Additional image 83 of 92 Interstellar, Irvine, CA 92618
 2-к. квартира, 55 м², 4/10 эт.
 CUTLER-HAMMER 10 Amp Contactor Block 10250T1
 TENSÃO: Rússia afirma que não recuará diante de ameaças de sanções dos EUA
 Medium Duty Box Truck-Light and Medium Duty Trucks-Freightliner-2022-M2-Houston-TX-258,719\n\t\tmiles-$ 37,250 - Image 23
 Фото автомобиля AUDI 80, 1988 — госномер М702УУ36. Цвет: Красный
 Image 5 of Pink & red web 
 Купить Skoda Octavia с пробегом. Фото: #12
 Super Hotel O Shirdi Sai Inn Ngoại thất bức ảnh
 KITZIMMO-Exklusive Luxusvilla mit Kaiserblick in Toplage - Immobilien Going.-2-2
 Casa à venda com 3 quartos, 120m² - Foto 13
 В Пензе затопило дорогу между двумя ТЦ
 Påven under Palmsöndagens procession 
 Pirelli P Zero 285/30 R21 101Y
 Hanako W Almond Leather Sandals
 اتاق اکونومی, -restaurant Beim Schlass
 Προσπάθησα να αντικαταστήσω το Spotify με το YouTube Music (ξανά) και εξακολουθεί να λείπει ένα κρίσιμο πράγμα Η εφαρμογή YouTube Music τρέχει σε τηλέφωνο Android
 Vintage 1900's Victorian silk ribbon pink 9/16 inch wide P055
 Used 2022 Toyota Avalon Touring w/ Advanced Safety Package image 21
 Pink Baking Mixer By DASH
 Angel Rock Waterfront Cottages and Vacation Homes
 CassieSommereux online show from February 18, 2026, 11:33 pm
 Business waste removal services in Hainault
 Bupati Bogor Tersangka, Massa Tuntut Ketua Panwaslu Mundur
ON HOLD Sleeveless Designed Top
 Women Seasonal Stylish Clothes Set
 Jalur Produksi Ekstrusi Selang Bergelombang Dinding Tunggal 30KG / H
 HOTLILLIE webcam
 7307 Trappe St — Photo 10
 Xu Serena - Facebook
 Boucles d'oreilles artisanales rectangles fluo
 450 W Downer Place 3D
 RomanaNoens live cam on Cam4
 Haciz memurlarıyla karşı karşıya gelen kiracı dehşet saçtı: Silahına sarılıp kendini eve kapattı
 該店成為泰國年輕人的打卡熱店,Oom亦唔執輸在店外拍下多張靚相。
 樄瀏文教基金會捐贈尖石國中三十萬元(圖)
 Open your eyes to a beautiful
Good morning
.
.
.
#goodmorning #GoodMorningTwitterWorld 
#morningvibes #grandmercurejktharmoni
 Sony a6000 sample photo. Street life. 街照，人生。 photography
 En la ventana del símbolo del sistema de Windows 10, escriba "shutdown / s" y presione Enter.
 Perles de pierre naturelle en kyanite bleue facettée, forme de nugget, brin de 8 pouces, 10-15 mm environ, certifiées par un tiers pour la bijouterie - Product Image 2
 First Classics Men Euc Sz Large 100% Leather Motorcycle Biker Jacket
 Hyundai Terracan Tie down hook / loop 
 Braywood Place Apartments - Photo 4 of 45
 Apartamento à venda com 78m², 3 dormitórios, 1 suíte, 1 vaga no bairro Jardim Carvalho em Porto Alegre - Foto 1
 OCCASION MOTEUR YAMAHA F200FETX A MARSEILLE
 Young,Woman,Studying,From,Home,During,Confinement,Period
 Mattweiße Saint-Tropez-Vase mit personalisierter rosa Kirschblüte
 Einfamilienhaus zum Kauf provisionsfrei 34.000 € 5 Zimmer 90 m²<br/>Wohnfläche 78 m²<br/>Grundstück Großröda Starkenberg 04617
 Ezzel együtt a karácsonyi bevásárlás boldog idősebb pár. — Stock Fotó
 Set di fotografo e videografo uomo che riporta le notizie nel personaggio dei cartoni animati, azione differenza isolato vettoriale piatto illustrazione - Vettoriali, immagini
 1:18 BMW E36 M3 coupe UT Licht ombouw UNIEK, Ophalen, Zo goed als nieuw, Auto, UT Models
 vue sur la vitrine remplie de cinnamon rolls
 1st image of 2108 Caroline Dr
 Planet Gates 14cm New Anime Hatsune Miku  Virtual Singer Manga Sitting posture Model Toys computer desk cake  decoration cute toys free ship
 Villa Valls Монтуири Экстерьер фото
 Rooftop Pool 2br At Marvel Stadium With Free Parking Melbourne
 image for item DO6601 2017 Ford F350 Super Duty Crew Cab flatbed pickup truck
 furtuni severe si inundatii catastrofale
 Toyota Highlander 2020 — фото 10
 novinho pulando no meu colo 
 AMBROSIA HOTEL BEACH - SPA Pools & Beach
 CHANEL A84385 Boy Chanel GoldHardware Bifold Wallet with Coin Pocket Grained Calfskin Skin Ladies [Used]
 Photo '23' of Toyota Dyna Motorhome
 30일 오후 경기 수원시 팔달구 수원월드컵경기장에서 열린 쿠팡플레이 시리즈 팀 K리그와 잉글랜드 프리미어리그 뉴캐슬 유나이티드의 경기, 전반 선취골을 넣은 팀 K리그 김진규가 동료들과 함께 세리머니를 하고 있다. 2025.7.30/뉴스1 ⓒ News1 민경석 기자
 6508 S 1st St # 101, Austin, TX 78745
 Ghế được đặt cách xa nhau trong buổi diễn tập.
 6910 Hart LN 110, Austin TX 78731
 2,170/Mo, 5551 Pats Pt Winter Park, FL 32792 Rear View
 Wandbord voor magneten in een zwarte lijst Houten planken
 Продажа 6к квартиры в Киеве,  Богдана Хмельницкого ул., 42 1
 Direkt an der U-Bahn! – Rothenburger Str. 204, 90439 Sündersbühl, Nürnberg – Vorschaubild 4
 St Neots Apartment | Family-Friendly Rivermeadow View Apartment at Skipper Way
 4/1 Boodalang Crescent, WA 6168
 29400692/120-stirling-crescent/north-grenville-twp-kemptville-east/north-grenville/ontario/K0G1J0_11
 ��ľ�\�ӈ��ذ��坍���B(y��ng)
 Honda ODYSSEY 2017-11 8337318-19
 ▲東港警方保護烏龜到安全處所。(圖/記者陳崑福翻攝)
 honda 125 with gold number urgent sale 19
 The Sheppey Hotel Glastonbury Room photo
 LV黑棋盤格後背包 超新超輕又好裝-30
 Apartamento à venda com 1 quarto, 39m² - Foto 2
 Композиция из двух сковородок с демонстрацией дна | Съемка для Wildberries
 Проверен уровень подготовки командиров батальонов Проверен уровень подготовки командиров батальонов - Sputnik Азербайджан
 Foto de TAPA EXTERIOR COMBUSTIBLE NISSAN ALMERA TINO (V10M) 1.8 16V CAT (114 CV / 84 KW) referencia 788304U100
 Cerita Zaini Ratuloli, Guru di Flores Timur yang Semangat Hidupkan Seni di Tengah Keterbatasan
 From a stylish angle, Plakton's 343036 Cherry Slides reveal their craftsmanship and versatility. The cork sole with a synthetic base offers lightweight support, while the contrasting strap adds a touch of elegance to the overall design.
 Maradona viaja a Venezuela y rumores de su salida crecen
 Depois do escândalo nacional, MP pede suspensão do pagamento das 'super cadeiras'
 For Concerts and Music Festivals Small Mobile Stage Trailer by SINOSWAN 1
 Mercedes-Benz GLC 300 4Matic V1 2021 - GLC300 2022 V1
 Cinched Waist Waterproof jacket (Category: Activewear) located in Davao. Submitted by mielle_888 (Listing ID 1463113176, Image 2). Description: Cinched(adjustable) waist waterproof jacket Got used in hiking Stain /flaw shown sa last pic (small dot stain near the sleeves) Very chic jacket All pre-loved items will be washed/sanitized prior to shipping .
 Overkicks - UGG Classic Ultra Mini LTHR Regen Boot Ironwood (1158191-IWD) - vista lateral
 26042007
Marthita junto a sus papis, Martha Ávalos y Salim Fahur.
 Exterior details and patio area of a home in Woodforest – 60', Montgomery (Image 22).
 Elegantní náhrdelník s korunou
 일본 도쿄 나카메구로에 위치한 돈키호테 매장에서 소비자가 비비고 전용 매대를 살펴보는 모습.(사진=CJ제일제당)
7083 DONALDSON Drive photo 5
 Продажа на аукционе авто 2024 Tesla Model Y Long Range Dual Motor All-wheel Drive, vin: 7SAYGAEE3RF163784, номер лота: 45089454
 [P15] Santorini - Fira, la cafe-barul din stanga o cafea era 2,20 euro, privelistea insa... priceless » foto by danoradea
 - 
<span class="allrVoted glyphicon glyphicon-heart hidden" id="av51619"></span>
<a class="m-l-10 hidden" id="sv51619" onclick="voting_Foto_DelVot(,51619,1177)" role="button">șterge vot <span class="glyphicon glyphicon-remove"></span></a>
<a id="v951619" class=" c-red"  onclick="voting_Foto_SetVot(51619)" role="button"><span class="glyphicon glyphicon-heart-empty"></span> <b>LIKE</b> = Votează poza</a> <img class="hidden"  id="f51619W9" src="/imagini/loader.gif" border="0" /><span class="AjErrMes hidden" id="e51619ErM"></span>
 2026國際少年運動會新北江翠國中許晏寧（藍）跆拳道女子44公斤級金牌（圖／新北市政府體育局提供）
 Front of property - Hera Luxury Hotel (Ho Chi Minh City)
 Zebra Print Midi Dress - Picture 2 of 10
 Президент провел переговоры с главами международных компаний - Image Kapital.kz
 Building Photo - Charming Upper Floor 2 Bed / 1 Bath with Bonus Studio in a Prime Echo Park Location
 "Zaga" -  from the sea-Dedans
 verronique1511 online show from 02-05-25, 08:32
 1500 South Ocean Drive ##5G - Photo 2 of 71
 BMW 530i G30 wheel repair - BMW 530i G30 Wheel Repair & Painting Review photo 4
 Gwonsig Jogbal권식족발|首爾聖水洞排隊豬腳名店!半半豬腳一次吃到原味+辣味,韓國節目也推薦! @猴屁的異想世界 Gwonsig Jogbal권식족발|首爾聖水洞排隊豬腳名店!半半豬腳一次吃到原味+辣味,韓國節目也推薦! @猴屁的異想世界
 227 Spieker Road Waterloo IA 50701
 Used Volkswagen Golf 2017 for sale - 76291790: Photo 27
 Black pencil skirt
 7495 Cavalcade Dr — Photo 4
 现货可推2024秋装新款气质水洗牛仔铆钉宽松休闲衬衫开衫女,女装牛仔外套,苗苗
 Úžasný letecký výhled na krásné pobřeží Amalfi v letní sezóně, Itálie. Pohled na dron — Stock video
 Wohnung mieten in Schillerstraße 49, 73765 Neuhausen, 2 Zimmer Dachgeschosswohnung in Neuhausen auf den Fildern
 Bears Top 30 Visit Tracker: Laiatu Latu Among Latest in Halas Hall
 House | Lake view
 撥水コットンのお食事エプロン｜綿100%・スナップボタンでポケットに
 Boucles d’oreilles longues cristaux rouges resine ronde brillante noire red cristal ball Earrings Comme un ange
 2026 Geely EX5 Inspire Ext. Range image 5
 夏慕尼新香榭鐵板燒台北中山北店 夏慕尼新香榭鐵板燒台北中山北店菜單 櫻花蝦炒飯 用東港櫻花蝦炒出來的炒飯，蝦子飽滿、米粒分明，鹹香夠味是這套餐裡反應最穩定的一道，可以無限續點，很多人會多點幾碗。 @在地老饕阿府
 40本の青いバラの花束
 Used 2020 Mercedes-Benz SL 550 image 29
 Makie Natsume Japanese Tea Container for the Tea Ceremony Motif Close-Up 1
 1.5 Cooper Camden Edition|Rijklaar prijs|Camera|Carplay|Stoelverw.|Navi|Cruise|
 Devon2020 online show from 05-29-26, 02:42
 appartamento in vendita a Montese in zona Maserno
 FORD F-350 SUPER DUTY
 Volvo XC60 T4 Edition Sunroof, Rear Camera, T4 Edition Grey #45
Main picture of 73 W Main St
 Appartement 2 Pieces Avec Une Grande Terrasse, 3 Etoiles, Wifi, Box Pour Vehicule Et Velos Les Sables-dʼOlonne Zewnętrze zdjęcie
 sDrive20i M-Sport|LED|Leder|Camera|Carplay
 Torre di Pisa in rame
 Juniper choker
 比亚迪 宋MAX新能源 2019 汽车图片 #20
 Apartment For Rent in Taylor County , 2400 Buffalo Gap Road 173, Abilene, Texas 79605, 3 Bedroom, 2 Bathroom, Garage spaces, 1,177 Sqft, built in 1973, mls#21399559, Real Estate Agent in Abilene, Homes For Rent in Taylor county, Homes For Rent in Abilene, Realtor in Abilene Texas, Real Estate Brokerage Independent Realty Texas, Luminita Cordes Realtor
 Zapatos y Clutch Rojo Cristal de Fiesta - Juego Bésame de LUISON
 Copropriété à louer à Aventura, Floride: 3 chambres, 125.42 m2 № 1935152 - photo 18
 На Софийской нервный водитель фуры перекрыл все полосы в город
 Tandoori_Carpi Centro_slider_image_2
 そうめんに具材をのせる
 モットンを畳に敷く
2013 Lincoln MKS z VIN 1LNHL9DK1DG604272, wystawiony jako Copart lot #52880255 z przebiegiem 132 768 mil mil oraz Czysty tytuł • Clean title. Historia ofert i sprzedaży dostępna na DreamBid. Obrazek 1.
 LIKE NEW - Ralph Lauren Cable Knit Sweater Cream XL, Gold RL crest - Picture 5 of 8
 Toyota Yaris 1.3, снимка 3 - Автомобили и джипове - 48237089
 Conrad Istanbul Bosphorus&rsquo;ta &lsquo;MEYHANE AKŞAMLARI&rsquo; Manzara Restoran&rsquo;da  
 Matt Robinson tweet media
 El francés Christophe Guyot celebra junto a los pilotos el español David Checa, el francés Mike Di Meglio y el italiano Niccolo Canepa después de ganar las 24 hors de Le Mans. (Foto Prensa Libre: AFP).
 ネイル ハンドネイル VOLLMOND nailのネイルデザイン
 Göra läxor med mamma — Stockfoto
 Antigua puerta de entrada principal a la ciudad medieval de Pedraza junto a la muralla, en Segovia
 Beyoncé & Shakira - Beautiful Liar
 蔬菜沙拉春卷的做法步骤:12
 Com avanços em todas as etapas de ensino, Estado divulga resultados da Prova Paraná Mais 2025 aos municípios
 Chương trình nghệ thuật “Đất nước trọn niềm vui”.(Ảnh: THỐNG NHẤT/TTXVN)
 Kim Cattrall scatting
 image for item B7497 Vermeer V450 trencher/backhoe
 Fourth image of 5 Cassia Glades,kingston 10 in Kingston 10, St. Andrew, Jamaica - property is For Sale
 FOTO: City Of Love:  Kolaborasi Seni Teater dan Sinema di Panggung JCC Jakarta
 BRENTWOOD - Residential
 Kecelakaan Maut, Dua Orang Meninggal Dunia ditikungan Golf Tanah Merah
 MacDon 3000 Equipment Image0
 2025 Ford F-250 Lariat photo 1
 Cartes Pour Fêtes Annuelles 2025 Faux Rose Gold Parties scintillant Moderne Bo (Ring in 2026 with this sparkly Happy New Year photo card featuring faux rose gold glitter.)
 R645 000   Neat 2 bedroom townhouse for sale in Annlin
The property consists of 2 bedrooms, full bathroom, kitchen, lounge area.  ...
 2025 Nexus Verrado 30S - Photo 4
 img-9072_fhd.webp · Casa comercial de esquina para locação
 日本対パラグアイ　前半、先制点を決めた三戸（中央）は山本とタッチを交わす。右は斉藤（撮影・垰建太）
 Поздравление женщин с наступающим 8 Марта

• • • • •

INSTRUCTIONS TO FOLLOW: Pull every line with "hidden" from the records.

FINAL ANSWER:
<span class="allrVoted glyphicon glyphicon-heart hidden" id="av51619"></span>
<a class="m-l-10 hidden" id="sv51619" onclick="voting_Foto_DelVot(,51619,1177)" role="button">șterge vot <span class="glyphicon glyphicon-remove"></span></a>
<a id="v951619" class=" c-red"  onclick="voting_Foto_SetVot(51619)" role="button"><span class="glyphicon glyphicon-heart-empty"></span> <b>LIKE</b> = Votează poza</a> <img class="hidden"  id="f51619W9" src="/imagini/loader.gif" border="0" /><span class="AjErrMes hidden" id="e51619ErM"></span>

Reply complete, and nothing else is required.